135 East 57th Street, 14th Floor

New York, New York 10022

 

INFORMATION STATEMENT

PURSUANT TO SECTION 14

OF THE SECURITIES EXCHANGE ACT OF 1934, AS AMENDED

AND REGULATION 14C THEREUNDER

 

PLEASE BE ADVISED THAT THIS IS ONLY AN INFORMATION STATEMENT.  WE ARE NOT ASKING YOU FOR A PROXY AND YOU ARE REQUESTED NOT TO SEND US A PROXY .

 

GENERAL INFORMATION

 

We are furnishing this Information Statement to the stockholders of Trans-Lux Corporation (the “ Corporation ”, “ Company ”, “ we ”, “ us ”, as the context may require) in the manner required by Regulation 14C of the Securities Exchange Act of 1934, as amended (the “ Exchange Act ”), and the Delaware General Corporation Law (the “ DGCL ”), of the actions that have been authorized by a majority of our issued and outstanding common stock, par value $0.001 per share (“ Common Stock ”) and our issued and outstanding Series B Convertible Preferred Stock, par value $0.001 per share (the “ Series B Preferred ”), as of the record date of January 3, 2019, (the “ Record Date ”), by written consent in lieu of a special meeting (the “ Written Consent ”).
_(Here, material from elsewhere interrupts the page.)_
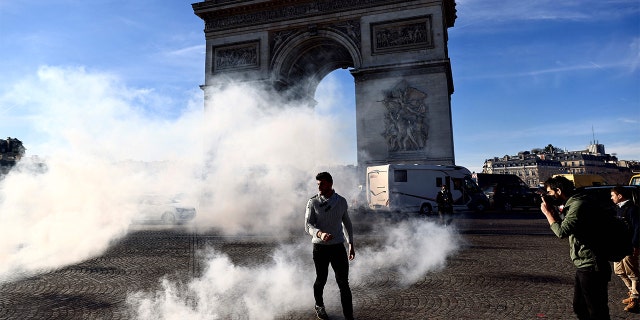 A man walks through tear gas on the Place Charles De Gaulle in Paris Feb. 12, 2022, as convoys of protesters,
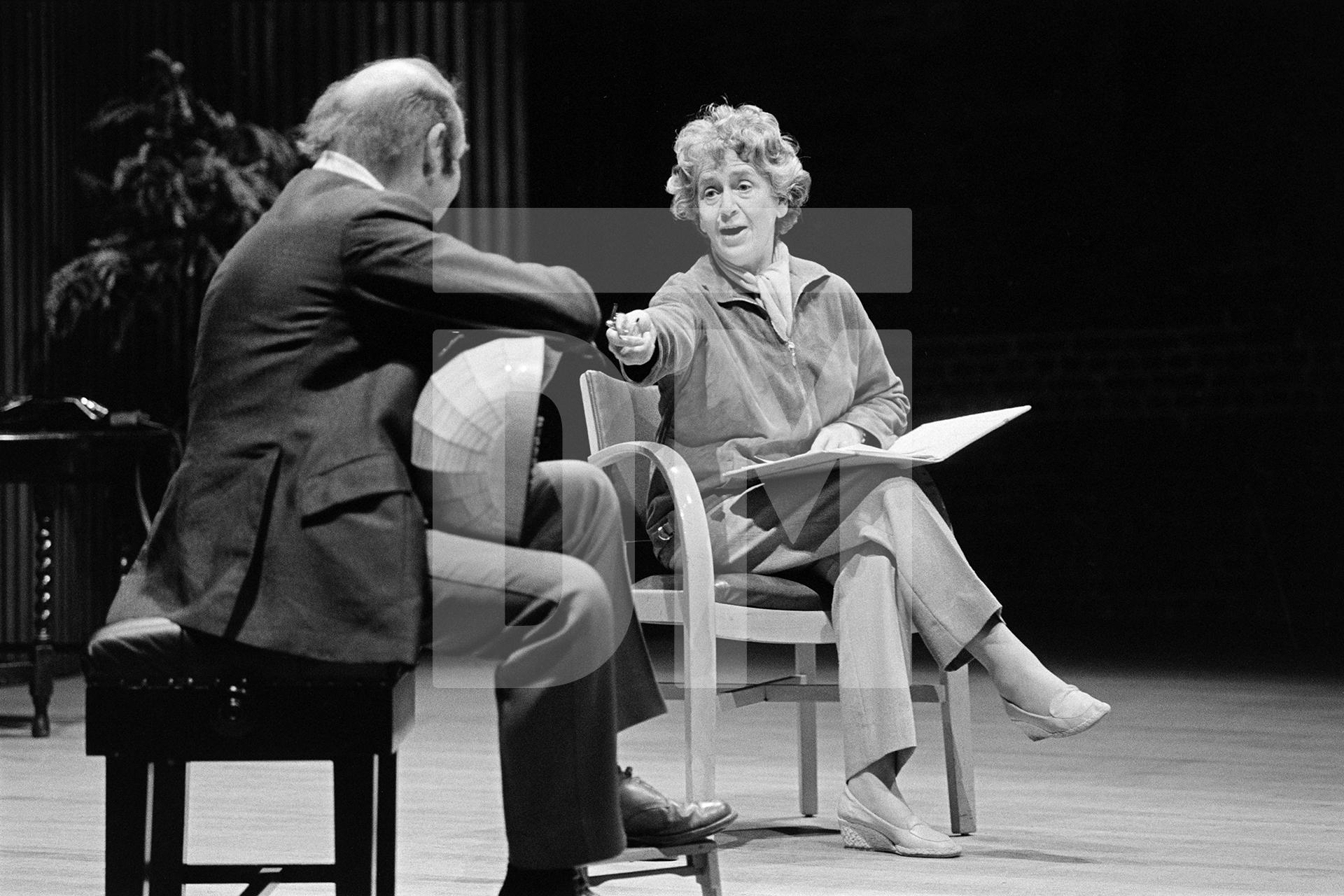 Julian Bream on stage with Dame Peggy Ashcroft, Snape Maltings Concert Hall, Suffolk. June 1981 by Daniel Meadows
No action is requested or required on your part.

 

This Information Statement is being mailed on or about January 7, 2019 to holders of the Company’s Common Stock and Series B Preferred as of the Record Date.

 

NOTICE OF ACTION BY WRITTEN CONSENT

 

The following actions were approved by the written consent of a majority of holders of our Common Stock and Series B Preferred entitled to cast votes on all matters submitted to our stockholders for approval (the “ Majority Stockholders ”), of as more fully described in this Information Statement (the “ Actions ”):

 

1.  An amendment to the Corporation’s Amended and Restated Certificate of Incorporation, as amended (the “ Charter ”), increasing the total number of authorized shares of the Corporation from (i) 10,500,000 shares (the “ Existing Authorized Capital Stock ”) of which (A) 10,000,000 shares are designated as Common Stock; and (B) 500,000 shares are designated as Preferred Stock (“ Preferred Stock ”) which may be issued in such series or classes, and with such rights, preferences and limitations, as the Board of Directors may determine in its sole discretion (and includes the Series B Preferred), to (ii) to 32,500,000 shares (the “ Capital Increase Amendment ”), of which (A) 30,000,000 shares shall be designated as Common Stock; and (B) 2,500,000 shares shall be designated as Preferred Stock, which Preferred Stock may be issued in such series or classes, and with such rights, preferences and limitations, as the Board of Directors shall determine in its sole discretion (inclusive of the Series A Preferred and the Series B Preferred).

 

2.  The Amended and Restated Certificate of Designations of Series B Convertible Preferred Stock (the “ Amended Series B Certificate ”), to  (i) amend and restate the definition of “Conversion Price” as set forth in the Amended Series B Certificate to reduce the conversion price of the Series B Preferred to $2.00, (iii) increase the number of votes per share of Series B Preferred pursuant to Section 4 of the Amended Series B Certificate from 20 to 100 votes per share and (iii) update the notice address of the Corporation to 135 East 57th Street, 14th Floor, New York, New York 10022.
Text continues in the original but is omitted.